Wang Huiwu


Wang Huiwu was a social reformer, a Communist Party of China women's organizer, as well as a proponent of women's emancipation. She ran the first Communist-sponsored journal which was written and edited mostly by women. Her husband was Li Da one of the founders of CCP and a propagator of Marxist Philosophy.

Early life

Wang was born in Jiaxing County, Zhejiang, Qing China, to a school teacher and his illiterate wife. Her father, Wang Yanchen, provided her initial education. Her father's untimely death put the family in a penurious situation. However, she continued with her studies at the Jiaxing Women's Normal School and the Hujun Academy for Girls, managed by Christian Missionaries, where she learned English and became a Christian. At Hujun, she participated in student protests against the Paris Peace Conference. It was at Hujun while she became fluent in English that she imbibed the iconoclasm of the May Fourth Movement, which inspired her to spearhead the movement for women's emancipation.
After graduation, she moved to Shanghai where her cousin, Shen Yanbing, later known as Mao Dun, introduced Wang to Marxists. She married Li Da, a Marxist philosopher and feminist, who had returned from Japan after studies, in autumn of 1920; they shared an apartment with Chen Duxiu and his wife, Gao Junman. Wang and Li moved to Changsha where they had a son and daughter.
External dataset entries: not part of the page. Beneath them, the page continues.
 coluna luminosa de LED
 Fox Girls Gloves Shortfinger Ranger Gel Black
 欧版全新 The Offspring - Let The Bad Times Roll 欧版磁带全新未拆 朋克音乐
After 1927, they lived in Shanghai and in Beijing, and in July 1937 during the Japanese invasion of northern China, they escaped and lived in Guilin and Guiyang, before eventually arriving in Chongqing, the war time capital. They later divorced.

Career

With Junman, Wang was the first woman activist in Shanghai's Communist organization. She and her husband who had a common interest in the women's emancipation and together published a number of articles on the subject during post-World War I period in popular periodicals. In 1921, she participated in the First Communist Party of the China National Congress, working as a guard. Wang established the Shanghai Commoners' Girls' School in 1922,. She was the editor of Women's Voice, a bimonthly periodical; which pioneered writings on politics by women. She also strongly supported the movement for birth control in spite of much male opposition.
In 1949, she moved to Beijing following establishment of the PRC and worked for the Legal Committee of the central government. She also participated in the 60th anniversary of the founding of CCP.

Publications

Wang's earliest publication on Women's emancipation was entitled "Chinese Woman Question: Liberation from a Trap" which was published in 1919 in the Young China; the theme of this book was on early traditional marriage custom all related to the dominant role of the husband in every aspect of his wife's life.
In 1949, when Wang went to Beijing, she published many essays reminiscing the founding of the CCP.

Family

Wang and her husband Li Da had three children. Their eldest daughter, Li Xintián, died of an illness during the Second Sino-Japanese War. The second daughter was Li Xinyi. Their only son was Li Xintian, a founder of medical psychology in China.

Death and legacy

In her final years, Wang was described as "frail and sickly", a result of years of hard labour. Wang died on 10 October 1993, at her residence in Beijing, aged 96. The cause of death was sickness coupled with old age. A memorial in honour of Wang's contribution to the cause of women in China was established at Wuzhen, a World Heritage town, in northern Zhejiang Province.